これに対して「これからは、例えパーソナル・ユースであろうと、 ネットワーク接続が当り前になるのだから、パスワードなしは危険 ですよ」「自分ひとりしか使わない場合でも、コンピュータの設定 など重要な操作を一般ユーザとしてやると、うっかり大切なファイ ルを壊して二度と立ち上がれなくなることがありますよ」「家庭で 使う場合でも、自分あて e-mail をほかの家族に読まれたくない場 合もあるでしょ」などの回答がありましたが、古くからのMac ユー ザはそれでも「何で自分だけが使うのにパスワードが必要なんだ」 とつぶやきます。

「だからね、そのような人のために、ログインパネルが開かない ような設定もできるんだよ」と説明があっても、まだ不服のようです。

○ 新しい階層型のファインダー

もうひとつ、彼等の不満は階層型のファインダーです。「従来の Mac の場合は、机の上に書類を開くのと同じように開いていけばよ いので、自然でわかりやすい」という主張です。 「だから机の上が散らかって、必要な書類を取り出すのに苦労す るでしょ。階層型のファインダーであれば、どんなに深い所にしま った書類も簡単に探し出すことができて便利」という回答があると 、「Mac の良さはわれわれの身の周りの事象を模した概念にある。 その統一性をくずすのは気に入らない」という意見です。

私は NeXT で使われていた階層型ファインダー(NeXT ではファイ ルビューアやブラウザーなどと呼ばれていました)は、人間工学的に 優れていると思います。
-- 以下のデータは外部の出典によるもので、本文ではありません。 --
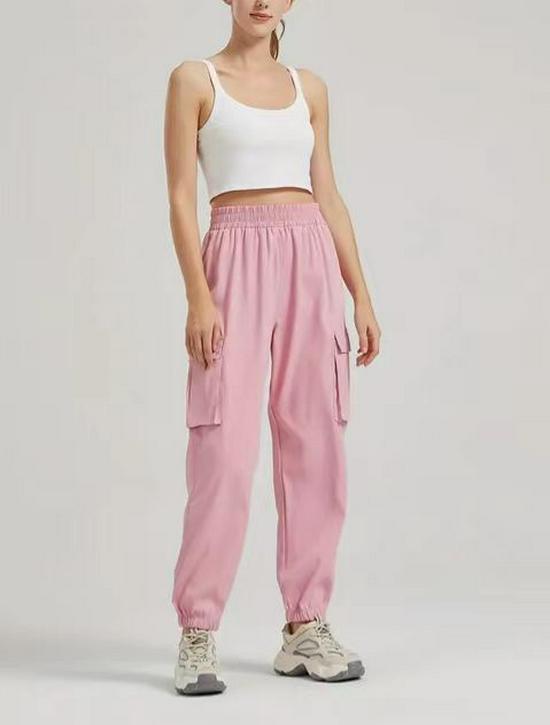 

Women s Casual Pure Color Work Pants with Elastic Ankle Cuffs and 3D Pockets Large розовый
従来の MacOS や Windows でも階層型のビ ューアが使われていますが、段落がつくものの実際には同じ列の中 で階層化します。ところが NeXT で採用されてきたものは、階層ご とに別の列に表示してゆきます。ちょっと考えるとどちらでも同じ ように思うのですが、使って見ると全然違うことに気づきます。 最初の頃、電子カルテ WINE に、わざわざ MacOSや Windows と同 じような階層で表示するビューアを作り実装しました。ところがと ても不便なのです。

たとえば診療処置内容を入力する場面で考えてみましょう。投薬 という行をクリックすると、その下に内服・屯服・外用と三つの行 が段落をつけて追加されます。その中の内服をクリックすると、さ らにその下にずらずらっと内服薬の名称が表示されます。 そうしておいて検査項目を入力しようとすると、内服薬の数が多 いので検査項目の行はずっと下へ押しやられていて、画面をスクロ ールしなければなりません。
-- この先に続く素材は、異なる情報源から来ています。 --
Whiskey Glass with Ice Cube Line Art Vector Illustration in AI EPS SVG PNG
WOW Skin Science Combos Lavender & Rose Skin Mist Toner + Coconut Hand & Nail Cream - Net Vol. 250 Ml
NeXT 型であれば、内服を選択しても内服薬はその右の行(欄)に表 示されます。検査の行はというと、内服と同じ左の行(欄)に残って おり見えています。つまり、かなり多くのデータ中を飛び回る場合 も、NeXT 型であれば余りスクロールさせずに飛び回れるのです。 実際に仕事に使って見ると、この違いはとても大きいのですが、 使ったことのない人にこの差はなかなか実感できないかも知れませ ん。

○ 慣れるほどに良くなるシステムを

人間は学習能力を持ちますので、最初はとまどったり不便に感じ ても次第に慣れ、そのように感じなくなる場合が多いものです。 ただ、ここで大切と思うのは「本当は不便な機能なのに、慣れて しまったので不便と感じなくなる」のは駄目で、「慣れないために 最初は不便に感じていたが、慣れるに従ってその良さが発揮される 」ような改革でなければならないと思います。
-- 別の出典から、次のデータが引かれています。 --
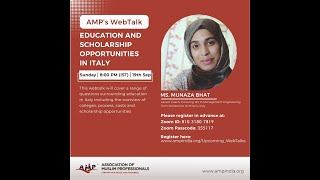AMP WebTalk on Education and Scholarship Opportunities in Italy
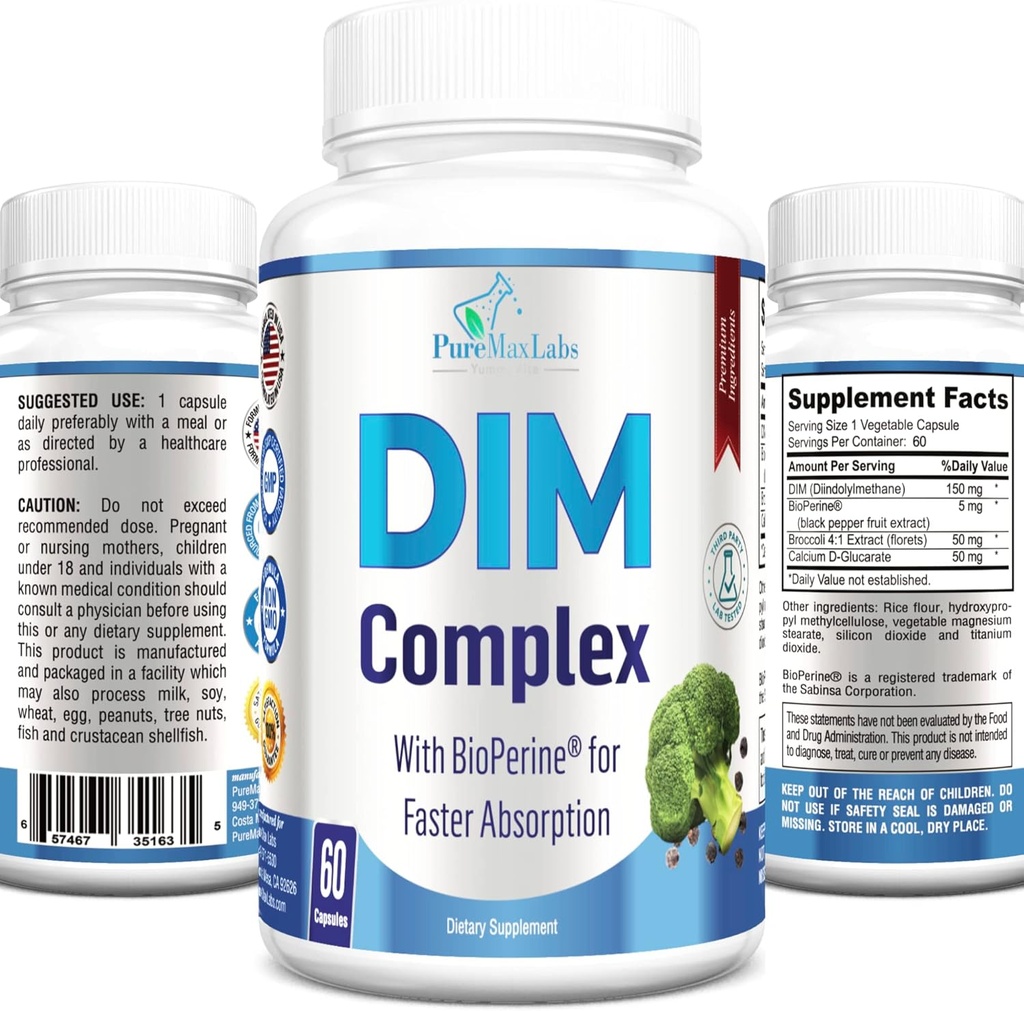 DIM Supplement – 150 mg DIM (diindolylmethane), Broccoli, Kalsiyum D-Glucarate & Bioperine - Erkekler ve Kadınlar için Hormon Dengesi, Estrogen, Menopause Balance - 60 Capsules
そのためには何が必要なのか。いくつかありますが、私は以下の ようなところがポイントと思っています。

    1. 習熟度に合わせて使い勝手を変えられること。

    2. 初心者にわかりやすい機能、例えば「ボタンの近くにカーソルが 行くと説明の吹き出しがでる」とか、「キーボードでなく、マウス でしか操作できない」などは、熟練するにつれてとても邪魔だった り素早い操作ができないので、仕事の能率が上がらないシステムに なってしまいます。

    3. 目の前にはとりあえず必要なものしか見せないこと。

    4. どんな熟練者でも、余り沢山の操作ボタンがあると、どれを選択 するか、いつも目はそれらを追いかけ頭はそれらを選択するため判 断機能がフルに動いてます。とても疲れます。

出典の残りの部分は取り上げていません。